* **What is expected**: What is needed is the full set of records, word for word, with no pictures.

Exercise data below:

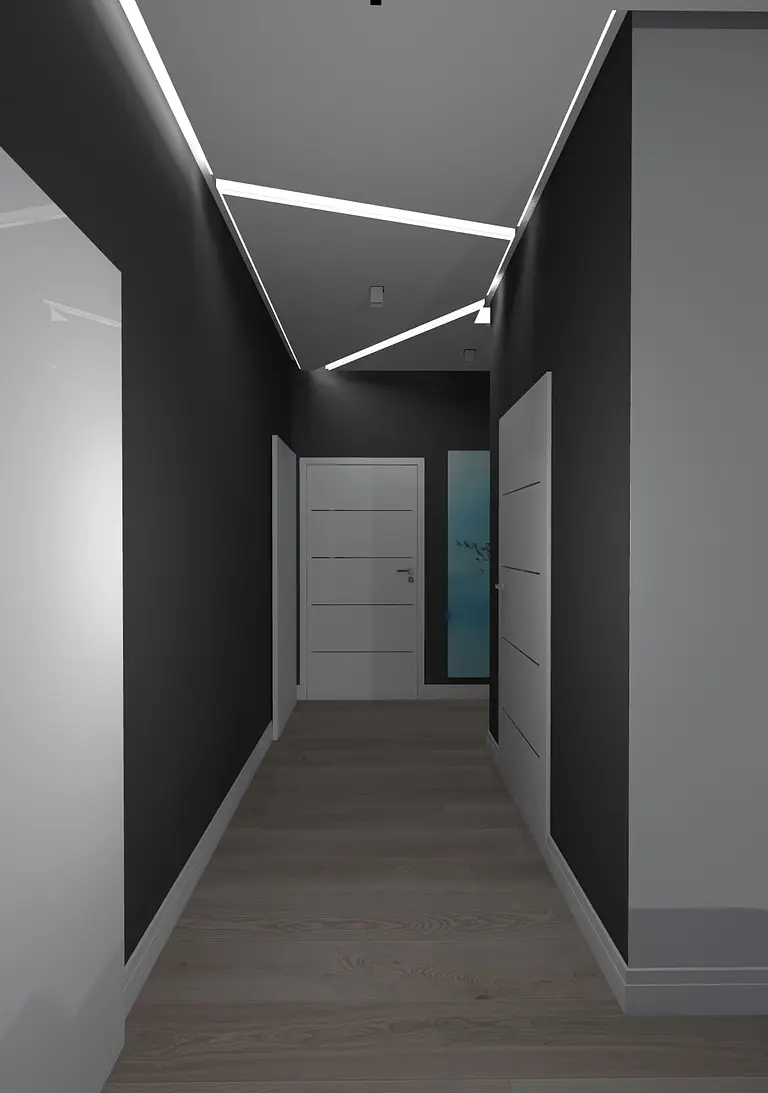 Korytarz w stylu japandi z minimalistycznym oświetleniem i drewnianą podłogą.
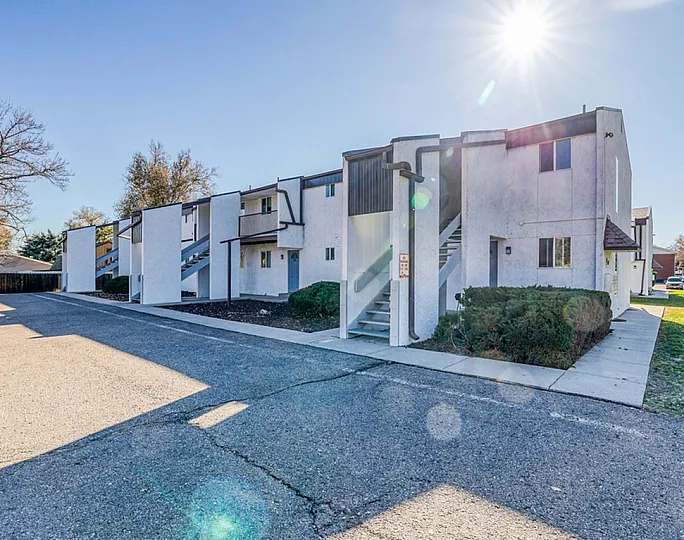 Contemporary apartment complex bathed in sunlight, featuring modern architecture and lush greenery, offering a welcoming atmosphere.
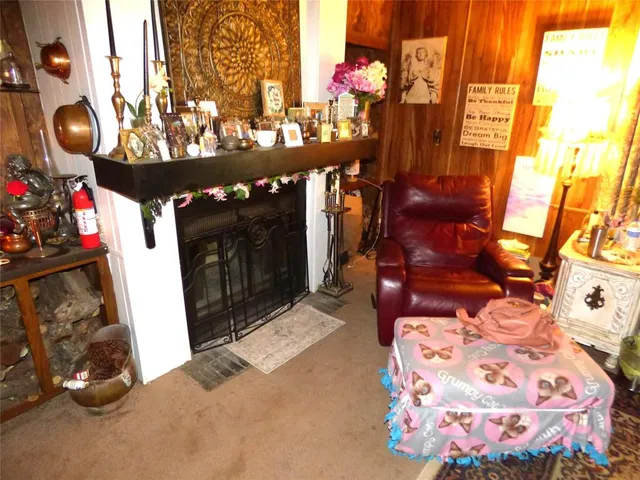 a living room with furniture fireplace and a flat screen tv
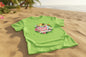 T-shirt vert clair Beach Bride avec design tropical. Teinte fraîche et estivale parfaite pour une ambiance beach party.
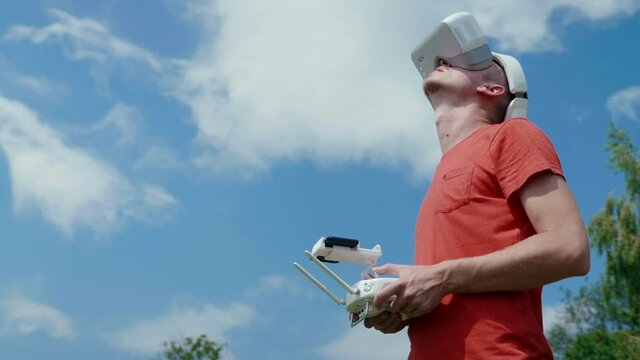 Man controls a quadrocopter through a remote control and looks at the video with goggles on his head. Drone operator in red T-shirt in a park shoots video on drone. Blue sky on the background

End of Exercise data.

* **Response area**:
 Korytarz w stylu japandi z minimalistycznym oświetleniem i drewnianą podłogą.
 Contemporary apartment complex bathed in sunlight, featuring modern architecture and lush greenery, offering a welcoming atmosphere.
 a living room with furniture fireplace and a flat screen tv
 T-shirt vert clair Beach Bride avec design tropical. Teinte fraîche et estivale parfaite pour une ambiance beach party.
 Man controls a quadrocopter through a remote control and looks at the video with goggles on his head. Drone operator in red T-shirt in a park shoots video on drone. Blue sky on the background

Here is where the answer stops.